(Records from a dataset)
----------

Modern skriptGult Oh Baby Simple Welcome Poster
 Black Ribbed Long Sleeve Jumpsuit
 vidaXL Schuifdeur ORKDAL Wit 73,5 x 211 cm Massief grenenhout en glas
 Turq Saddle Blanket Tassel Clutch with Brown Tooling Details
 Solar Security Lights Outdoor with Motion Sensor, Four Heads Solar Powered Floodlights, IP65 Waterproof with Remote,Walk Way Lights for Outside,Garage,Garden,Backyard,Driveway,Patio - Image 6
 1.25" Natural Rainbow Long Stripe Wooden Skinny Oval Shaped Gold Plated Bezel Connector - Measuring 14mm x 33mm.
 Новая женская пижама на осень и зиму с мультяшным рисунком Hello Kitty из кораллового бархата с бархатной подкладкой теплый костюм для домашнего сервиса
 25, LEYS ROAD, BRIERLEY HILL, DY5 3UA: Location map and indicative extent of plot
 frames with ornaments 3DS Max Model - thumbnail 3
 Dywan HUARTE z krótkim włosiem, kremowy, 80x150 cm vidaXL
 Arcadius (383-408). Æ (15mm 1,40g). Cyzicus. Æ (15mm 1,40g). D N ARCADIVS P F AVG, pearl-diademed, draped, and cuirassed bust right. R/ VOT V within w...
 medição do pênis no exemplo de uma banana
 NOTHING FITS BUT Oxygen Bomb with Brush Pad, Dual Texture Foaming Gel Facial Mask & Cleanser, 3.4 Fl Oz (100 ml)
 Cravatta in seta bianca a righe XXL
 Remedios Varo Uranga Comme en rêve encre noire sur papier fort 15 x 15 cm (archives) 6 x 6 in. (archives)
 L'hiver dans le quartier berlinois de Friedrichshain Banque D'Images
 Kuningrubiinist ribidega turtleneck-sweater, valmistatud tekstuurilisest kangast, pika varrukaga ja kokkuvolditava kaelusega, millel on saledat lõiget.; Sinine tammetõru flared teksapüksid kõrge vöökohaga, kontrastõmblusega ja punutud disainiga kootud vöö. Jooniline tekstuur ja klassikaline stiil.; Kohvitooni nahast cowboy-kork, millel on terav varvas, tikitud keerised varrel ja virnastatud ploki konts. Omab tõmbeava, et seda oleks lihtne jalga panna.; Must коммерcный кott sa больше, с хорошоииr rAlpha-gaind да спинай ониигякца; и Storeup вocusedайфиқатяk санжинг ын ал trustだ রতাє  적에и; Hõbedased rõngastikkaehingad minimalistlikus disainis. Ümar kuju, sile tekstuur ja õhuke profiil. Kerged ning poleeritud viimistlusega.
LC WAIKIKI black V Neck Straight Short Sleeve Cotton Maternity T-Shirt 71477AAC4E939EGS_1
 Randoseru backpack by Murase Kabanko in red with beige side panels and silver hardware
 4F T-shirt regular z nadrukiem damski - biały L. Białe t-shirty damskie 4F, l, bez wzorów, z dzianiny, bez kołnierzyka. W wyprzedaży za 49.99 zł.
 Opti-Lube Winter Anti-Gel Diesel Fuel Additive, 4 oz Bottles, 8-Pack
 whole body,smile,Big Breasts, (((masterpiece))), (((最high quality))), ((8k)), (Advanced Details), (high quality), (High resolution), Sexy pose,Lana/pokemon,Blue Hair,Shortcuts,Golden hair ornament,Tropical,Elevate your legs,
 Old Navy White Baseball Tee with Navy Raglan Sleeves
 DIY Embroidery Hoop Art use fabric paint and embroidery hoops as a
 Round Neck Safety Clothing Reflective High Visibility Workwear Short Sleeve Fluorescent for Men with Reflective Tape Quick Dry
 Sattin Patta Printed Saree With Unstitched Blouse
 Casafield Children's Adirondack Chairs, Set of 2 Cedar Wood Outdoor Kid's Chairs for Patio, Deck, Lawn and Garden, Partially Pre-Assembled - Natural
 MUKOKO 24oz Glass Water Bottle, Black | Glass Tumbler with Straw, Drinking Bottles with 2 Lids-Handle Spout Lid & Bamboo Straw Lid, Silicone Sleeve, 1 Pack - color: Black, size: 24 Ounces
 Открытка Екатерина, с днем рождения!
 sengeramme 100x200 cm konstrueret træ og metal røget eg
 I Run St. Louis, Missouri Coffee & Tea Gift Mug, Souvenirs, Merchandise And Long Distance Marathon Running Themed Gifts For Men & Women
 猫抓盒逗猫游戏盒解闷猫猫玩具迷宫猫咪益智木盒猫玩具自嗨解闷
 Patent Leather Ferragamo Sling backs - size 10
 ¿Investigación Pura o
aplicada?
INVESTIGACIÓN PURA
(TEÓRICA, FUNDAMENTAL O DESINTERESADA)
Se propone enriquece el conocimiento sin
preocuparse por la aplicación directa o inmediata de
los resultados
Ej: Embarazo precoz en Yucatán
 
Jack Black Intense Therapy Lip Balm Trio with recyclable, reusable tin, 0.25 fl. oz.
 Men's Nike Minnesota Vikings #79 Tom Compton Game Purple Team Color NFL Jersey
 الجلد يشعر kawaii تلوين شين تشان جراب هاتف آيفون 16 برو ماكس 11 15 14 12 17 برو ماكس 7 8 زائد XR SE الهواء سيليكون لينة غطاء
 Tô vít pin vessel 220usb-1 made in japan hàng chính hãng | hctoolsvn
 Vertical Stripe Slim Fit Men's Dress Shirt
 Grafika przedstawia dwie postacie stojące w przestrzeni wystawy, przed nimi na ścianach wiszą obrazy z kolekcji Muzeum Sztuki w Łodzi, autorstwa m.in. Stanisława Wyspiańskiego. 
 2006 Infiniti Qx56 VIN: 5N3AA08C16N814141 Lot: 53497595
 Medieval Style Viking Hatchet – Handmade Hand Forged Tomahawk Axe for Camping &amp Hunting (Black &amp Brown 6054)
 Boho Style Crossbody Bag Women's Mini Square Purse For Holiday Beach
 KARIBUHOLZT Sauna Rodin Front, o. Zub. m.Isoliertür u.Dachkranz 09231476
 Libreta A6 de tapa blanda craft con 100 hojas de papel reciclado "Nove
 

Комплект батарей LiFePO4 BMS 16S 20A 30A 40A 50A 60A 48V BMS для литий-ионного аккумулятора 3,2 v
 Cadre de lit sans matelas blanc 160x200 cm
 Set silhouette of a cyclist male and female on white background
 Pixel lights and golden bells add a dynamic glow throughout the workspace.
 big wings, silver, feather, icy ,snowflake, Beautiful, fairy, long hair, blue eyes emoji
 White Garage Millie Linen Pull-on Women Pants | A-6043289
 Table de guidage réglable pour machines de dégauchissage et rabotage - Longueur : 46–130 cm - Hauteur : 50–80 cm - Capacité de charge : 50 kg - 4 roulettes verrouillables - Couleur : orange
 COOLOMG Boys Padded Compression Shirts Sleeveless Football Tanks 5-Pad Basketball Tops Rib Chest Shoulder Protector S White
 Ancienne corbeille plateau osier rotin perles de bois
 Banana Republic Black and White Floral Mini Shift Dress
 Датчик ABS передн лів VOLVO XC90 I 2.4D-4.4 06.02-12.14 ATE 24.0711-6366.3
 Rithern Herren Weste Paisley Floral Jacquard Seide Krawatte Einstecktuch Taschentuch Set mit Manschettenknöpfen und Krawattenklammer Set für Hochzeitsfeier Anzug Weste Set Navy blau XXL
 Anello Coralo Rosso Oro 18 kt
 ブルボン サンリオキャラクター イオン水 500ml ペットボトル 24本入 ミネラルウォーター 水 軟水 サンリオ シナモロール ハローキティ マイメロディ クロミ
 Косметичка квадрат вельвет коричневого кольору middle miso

----------

Exercise details:
Of the lines above, copy each one that contains the word "silver".

Answer to this problem:
 Randoseru backpack by Murase Kabanko in red with beige side panels and silver hardware
 big wings, silver, feather, icy ,snowflake, Beautiful, fairy, long hair, blue eyes emoji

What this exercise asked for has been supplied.